To create the scenario, we assume that \mathbf{x} are observable inputs and we only have to infer \theta from data. Further, \theta is expected to have unknown unit-to-unit variation with \theta\sim\mathcal{N}(210, 7^2). This distribution is the quantity of interest and we want to estimate \mu_\theta and \sigma_\theta.

The model f(\mathbf{x}) is both the ground truth model and the computational model, so there is no model error provided that the calibration is conducted properly.

import numpy as np
import arviz as az
import pymc as pm

def f_deflection(force, length, e):
    return (force * (length * 1000) ** 3) / (30 * e * 1000 * 320.)

To calibrate the model we create N samples from the following process:
y_{exp}=f(x)+\epsilon\qquad \epsilon\sim\mathcal{N}(0, 0.1^2)

RNG = np.random.default_rng(42)
bounds = [[1, 1.5], [0.5, 2.0]]  # calibration domain

N= 5000  # number of experiments
exp_noise = 0.1  # std of experiment (known)
theta_gt_mu = 210  # mu of interest (unknown)
theta_gt_std = 7.0  # std of interest (unknown)
exp_theta = RNG.normal(theta_gt_mu , theta_gt_std , N)

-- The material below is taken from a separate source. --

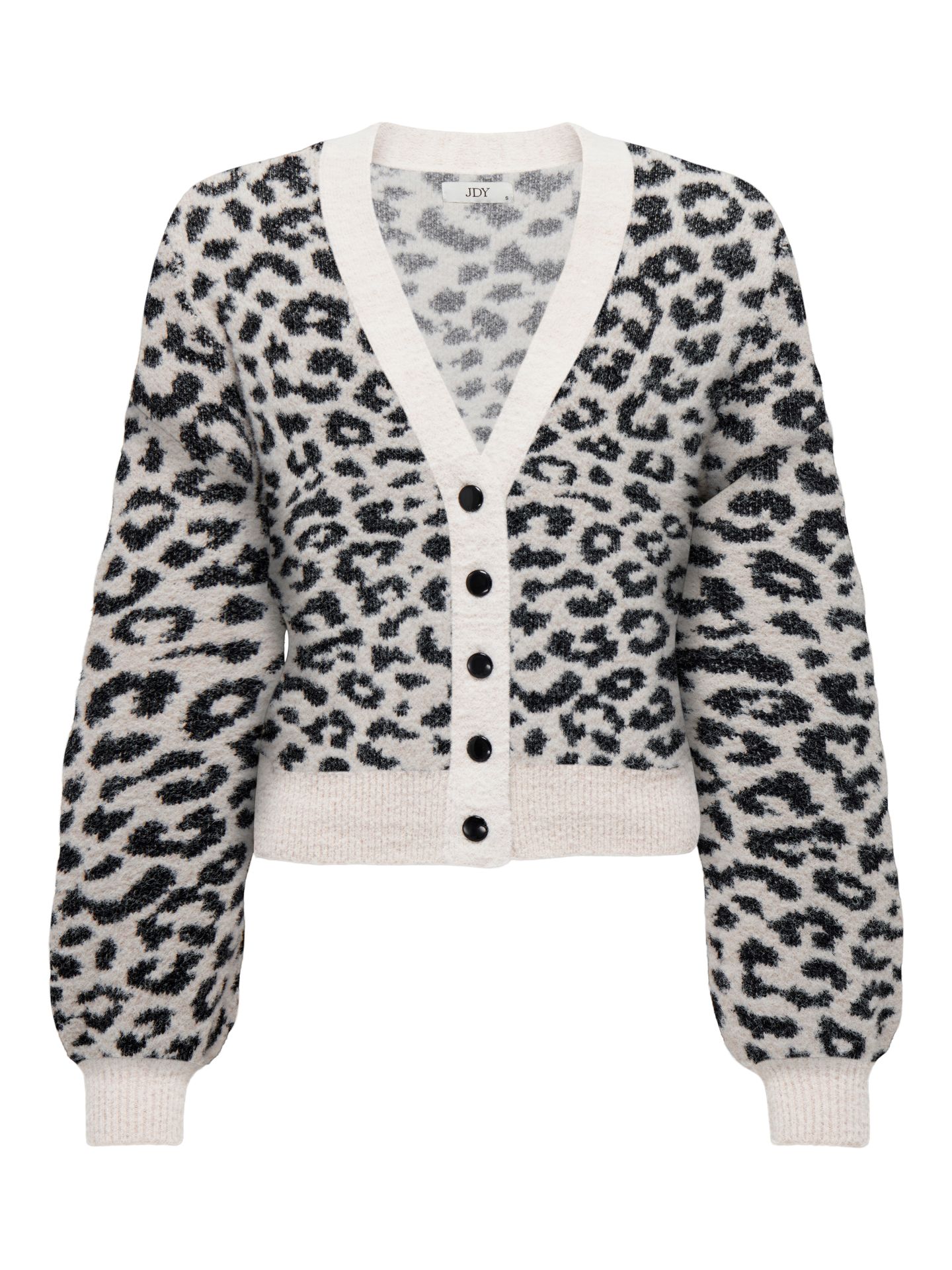 JDY JDYLORRAINE ANIMAL SHORT CARDIGAN K Cement/BLACK LEOPARD SPOTS 00115047-EKA26011400003110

x1 = RNG.uniform(1.0, 1.5, N)  # force [kN]
x2 = RNG.uniform(0.5, 2, N)  # length [m]
x_exp = np.stack([x1, x2], axis=1)

y_exp = f_deflection(x_exp[:, 0], x_exp[:, 1], exp_theta)
y_exp = y_exp + RNG.normal(size=N) * exp_noise 
# here it could be possible that y_exp gets negative, however this 
# shouldn't affect our example

The following pycm code is used to calibrate the model:

with pm.Model() as basic_model:

    # Priors for unknown distribution parameters
    mu_theta= pm.Normal("mu", mu=190.0, sigma=30)
    sigma_theta = pm.HalfNormal("sigma", sigma=4)

    theta = pm.Normal("theta", mu=mu_theta, sigma=sigma_theta)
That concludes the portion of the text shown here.